Titel: Die Toechter der Kaelte Kostenlos Bücher Online Lesen
Autoren: Camilla Läckberg
Vom Netzwerk:
ankommen und Agnes erklären, wie sie ihre Kinder zu erziehen habe. Das Weib hatte ein beleidigtes Gesicht aufgesetzt und war wieder losgetrottet, indem sie irgendwas über »die armen Jungen« murmelte, aber sie hatte es nicht gewagt, hier noch einmal anzuklopfen.
    Agnes lehnte sich in der Frühlingssonne zurück, schärfte sich jedoch ein, die so schön wärmenden Sonnenstrahlen nicht zu lange zu genießen. Sie wollte nicht braun werden, sondern die weiße Haut behalten, die das Kennzeichen einer Frau von höherem Stand war. Das einzige, was sie von ihrem früheren Leben zurückbehalten hatte, war ihr Aussehen, und das nutzte sie im höchsten Grade aus, um ihr sonst so trauriges Dasein ein wenig zu vergolden. Es war erstaunlich, wieviel man sich vom Kaufmann beschaffen konnte, indem man sich zu einer kurzen Liebkosung oder mehr hergab, wenn im Austausch dafür nur genug geboten wurde. Auf diese Weise hatte sie Süßigkeiten und zusätzliches Essen heimbringen können, von dem die Familie kein Quentchen abbekam, obendrein auch ein Stück Stoff, das sie vor Anders sorgfältig versteckt hielt, und bis auf weiteres mußte sie sich damit begnügen, es hin und wieder zu betasten und über die Wange zuführen, um dessen seidenweiche Struktur zu fühlen. Der Schlächter war auch mit Andeutungen gekommen, aber es gab Grenzen, was ein paar zusätzliche, besonders feine Fleischstücke wert waren. Während der Kaufmann ein relativ junger Mann mit angenehmem Äußeren war, ganz und gar nicht übel, um mit ihm im Lager ein paar Küsse zu tauschen, war der Schlächter ein fetter, schmieriger Kerl um die Sechzig, und Agnes würde bedeutend mehr als ein Stück Rinderfilet fordern, damit seine Wurstfinger mit dem eingetrockneten Blut unter den Nägeln ihr unter den Rock greifen dürften.
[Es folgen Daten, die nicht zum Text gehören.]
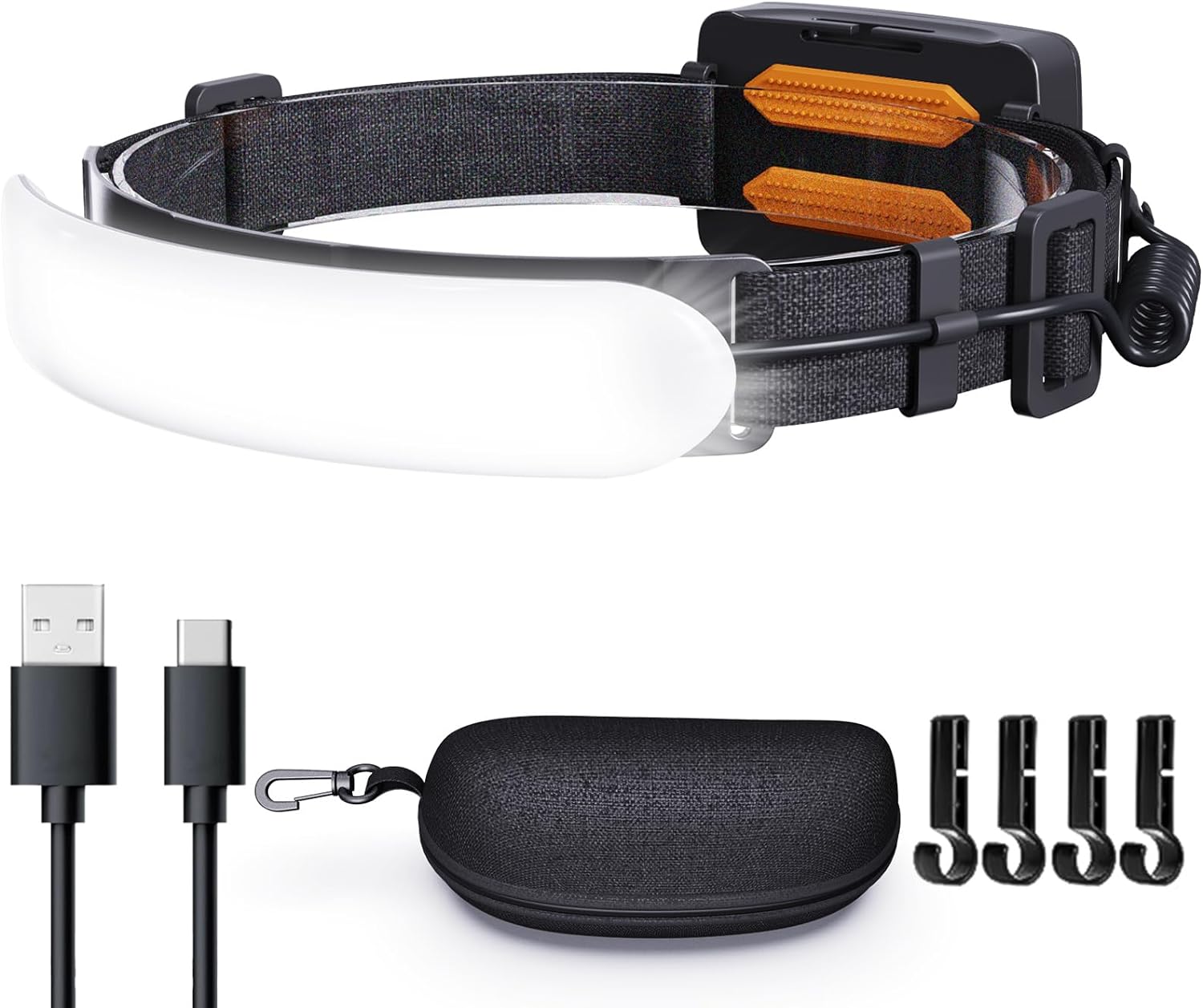 Linterna frontal recargable, 5000 mAh, 1500 lúmenes, lámpara LED de haz ancho súper brillante, luz de casco duro, faros delanteros para frente,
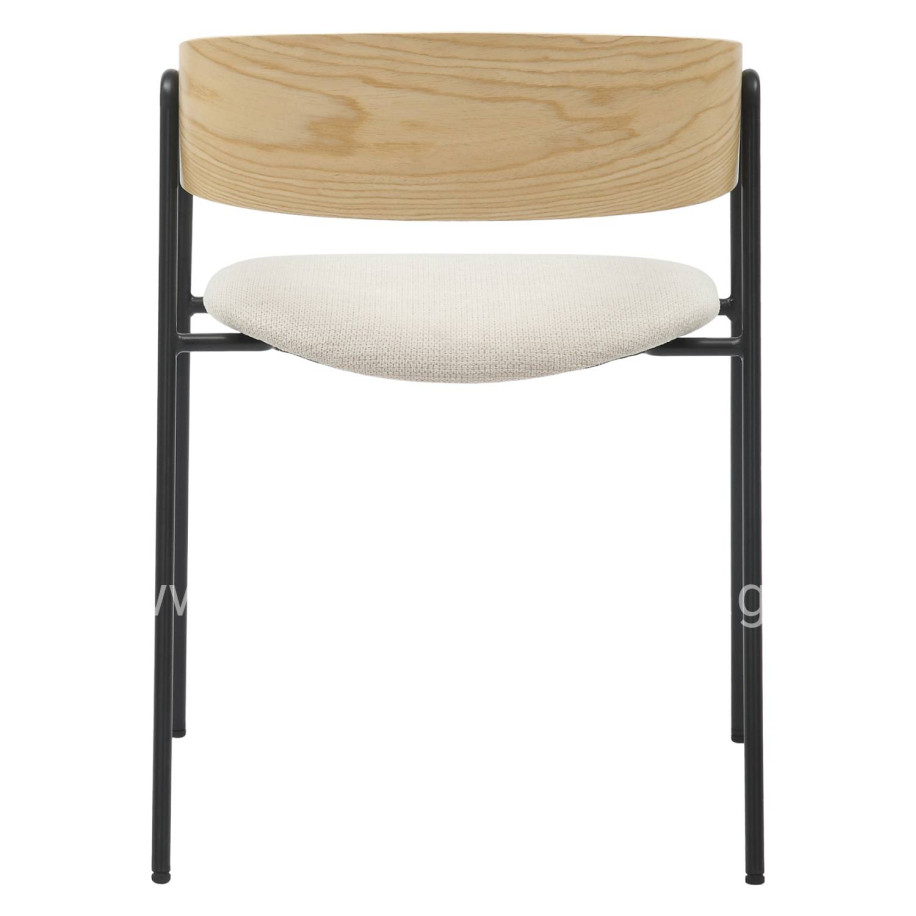 DINING CHAIR KORIN HM9975.01 METAL-BEIGE FABRIC-PLYWOOD 54x51x72,5Hcm.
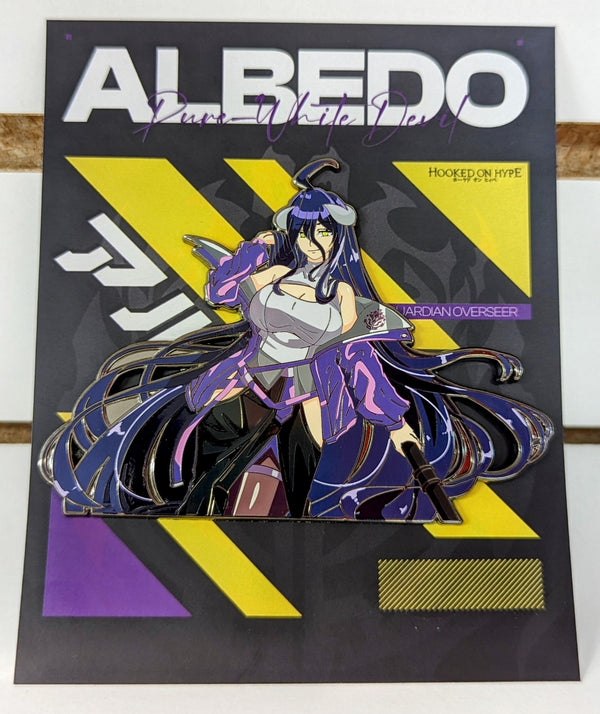 Albedo Enamel Pin Collection – Limited Edition Anime Collectibles Featuring Albedo from Overlord. Premium Black Nickel Finish, Hard Enamel Pin with Detailed Print, Numbered with Lasered Logo. Large 3-Inch (7.6 cm) Pins with Double Butterfly Clutch for Secure Attachment. Perfect Anime Merchandise for Overlord Fans and Collectors. Includes Exclusive Albedo Design, Anime Accessories, Otaku Gift, Anime Convention Collectible, and Cosplay Accessory.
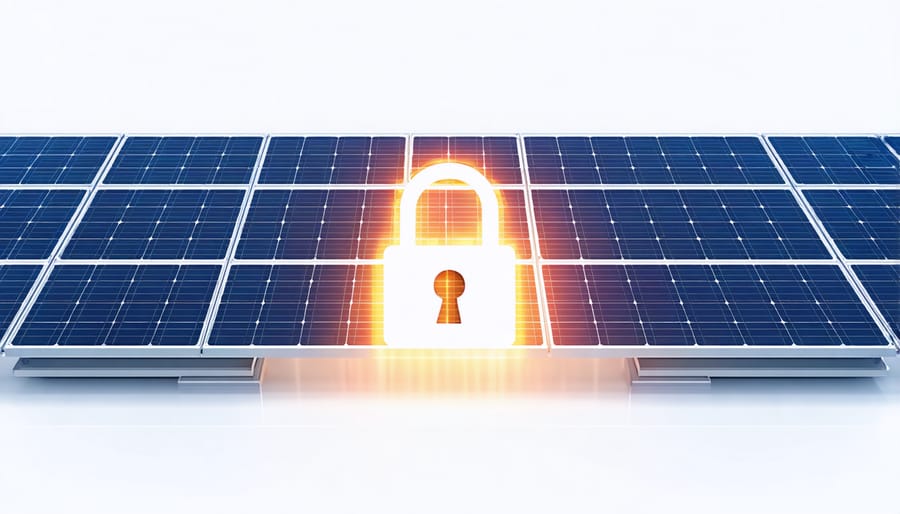 Secure solar energy system with digital lock icon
    Daß die Leute hinter ihrem Rücken redeten, wußte sie. Aber nachdem sie eingesehen hatte, daß sie ihren früheren Status nie wiedererlangen würde, kümmerte es sie wenig. Sollten sie doch reden. Wenn es um die Sonnenseiten des Lebens ging, ließ sie sich von den Ansichten eines engstirnigen Arbeiterhaufens nicht hindern. Und wenn es Anders obendrein noch quälte, immer mal wieder zu hören, was die Leute über seine Frau erzählten, so war das nur von Vorteil. In Agnes’ Augen war es seine Schuld, daß sie in dieser Bredouille steckte, und wenn sie ihm in irgendeiner Form Schmerz zufügen konnte, so freute sie das nur.
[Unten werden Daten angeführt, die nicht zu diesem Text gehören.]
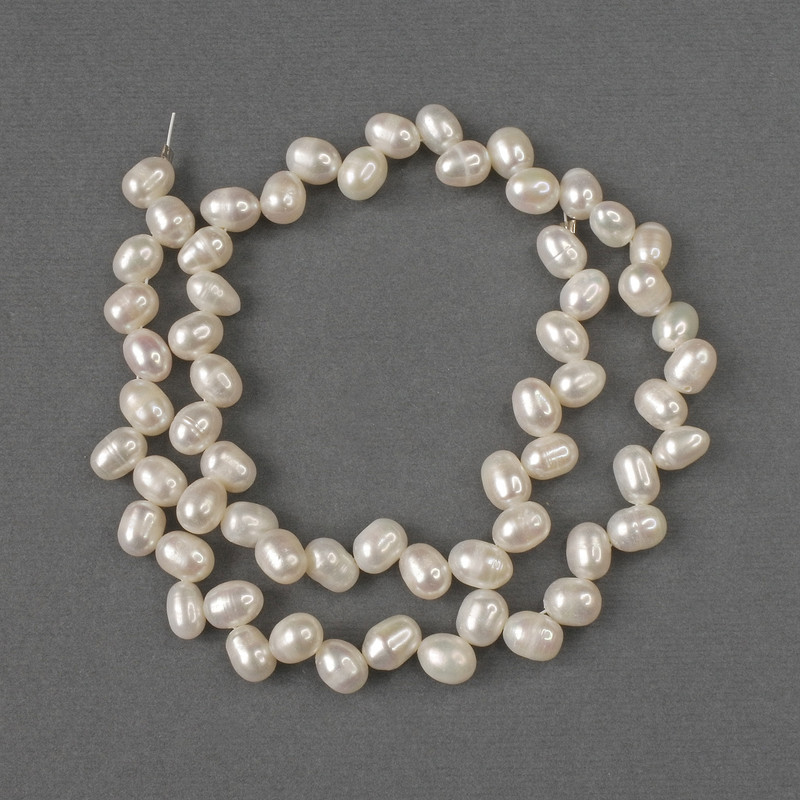 Natural Oval River Pearl Beads, 8x6mm+/-, Length 38cm+/- on Thread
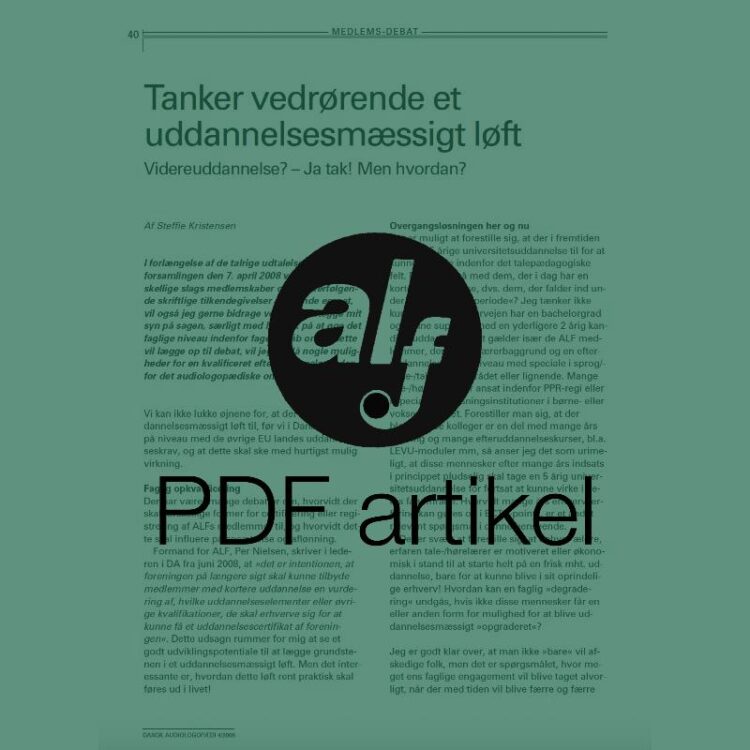 Tanker vedrørende et uddannelsesmæssigt løft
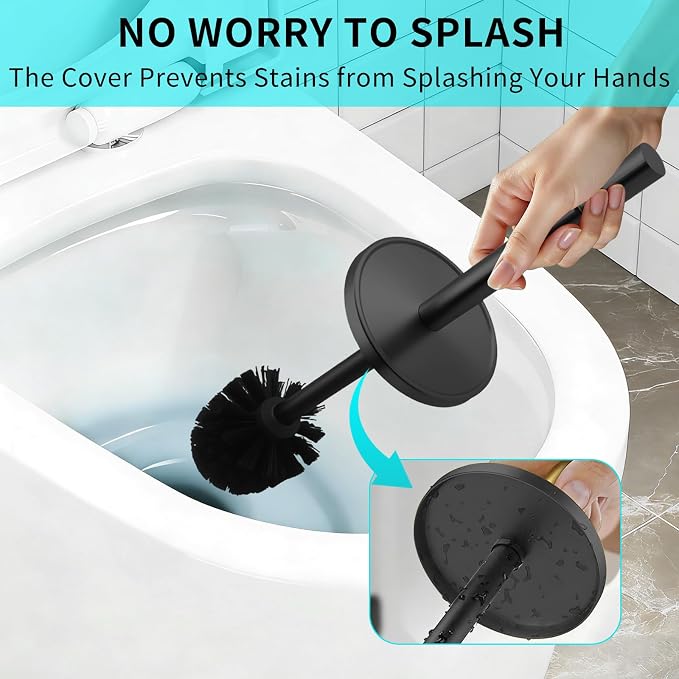 Toilet Brush and Holder Set,304 Stainless Steel Toilet Brush for Bathroom with Long Handle, Heavy Duty Toilet Bowl Brush,Removable Inner Bowl and Splash Protection,Deep Cleaning (Black)
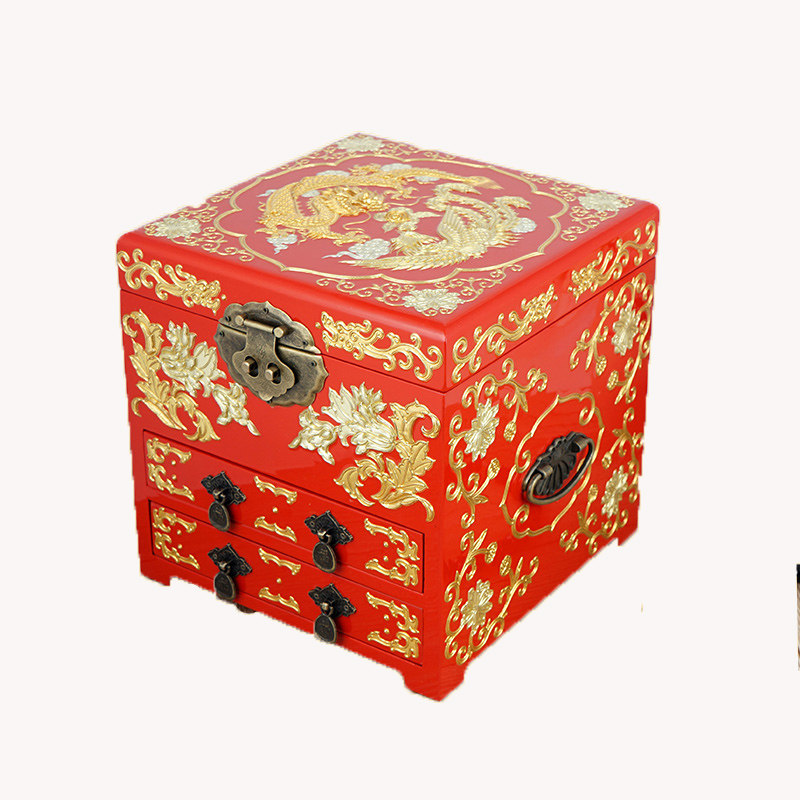 作品手工彩绘龙凤呈祥推光漆器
    Aber in den letzten Wochen gab es etwas, das sie beunruhigte. Es war, als sei etwas im Anzug, von dem sie ausgeschlossen blieb. Sie hatte Anders häufig dabei ertappt, wie er nachdenklich in die Luft starrte, so als überlegte er etwas Wichtiges. Bei einer Gelegenheit hatte sie ihn sogar gefragt, ob es etwas Besonderes sei, über das er nachdenke, aber er hatte es nur verneint, jedoch nicht sehr überzeugend geklungen. Er hatte etwas vor, da war sie sich sicher. Etwas, das mit ihr zu tun hatte, aber das sie aus irgendeinem Grund noch nicht erfahren sollte. Das brachte sie zur Weißglut, doch kannte sie ihren Mann inzwischen gut genug, um zu wissen, daß es keinen Sinn hatte, in ihn zu dringen. Er konnte störrisch sein wie ein Esel.
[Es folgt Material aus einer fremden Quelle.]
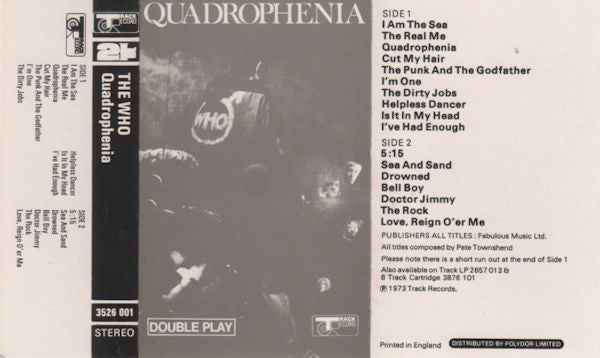 The Who : Quadrophenia (Cass, Album)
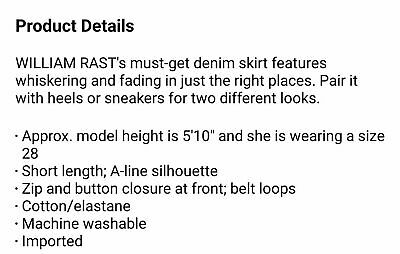 William Rast a-Line Denim Skirt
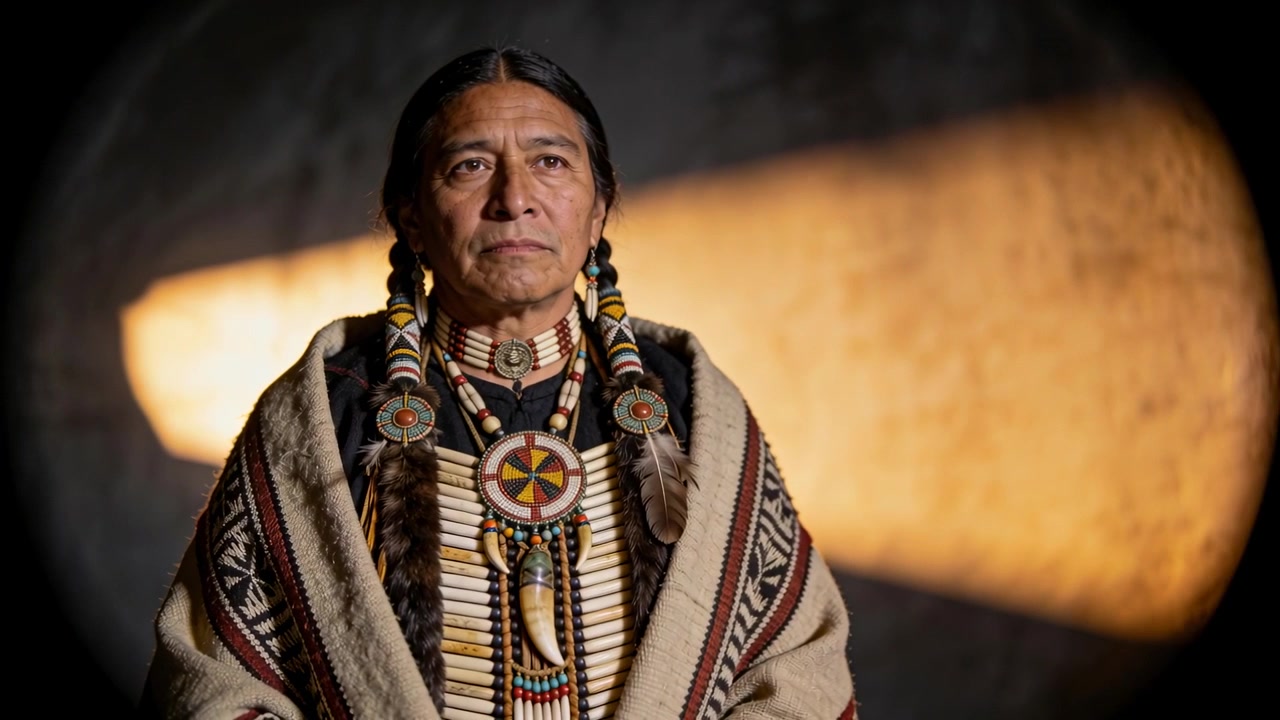 Die Kamera beginnt mit der Aufnahme eines indigenen Mannes, der im Studio für ein Porträt posiert und ein Medaillon sowie eine Brustplatte trägt.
    Nachdenklich nahm sie die Zigarettenschachtel und stand auf, um ins Haus zu gehen. Sie fragte sich träge, wohin die Jungen wohl gerannt waren, zuckte dann aber die Schultern und dachte, daß sie schon zurechtkämen. Sie selbst beschloß, ein kleines Mittagsschläfchen zu halten.
     
    Der Nachmittag verging langsam. Patrik hatte viel zuviel Zeit damit verbracht, die Patientenakten von Albin wieder und wieder durchzugehen. Er fragte sich, ob er den richtigen Beschluß gefaßt hatte, das Jugendamt vorerst noch nicht einzuschalten. Aber etwas sagte ihm, daß er mehr wissen mußte, bevor er das tun konnte. Wenn die Mühlen der Bürokratie erst einmal zu mahlen anfingen, war es schwer, den Prozeß zu stoppen, und er wußte, daß sowohl Polizei als auch Ärzte zögerten, bevor sie den Verdacht der Kindesmißhandlung meldeten. Die Gefahr bestand immer, daß es eine natürliche Erklärung gab, aber keiner wäre bereit, dem Gehör zu schenken, wenn das Rad erst ins Rollen gebracht war. Außerdem hatte es keine neuen Zwischenfälle nach dem Umzug der Familie Klinga nach Fjällbacka gegeben. Vermutlich hatte sich die Situation stabilisiert. Aber er konnte schließlich nicht sicher sein, und wenn Albin erneut Schaden nahm, würde er wissen, daß die Verantwortung dafür bei ihm lag.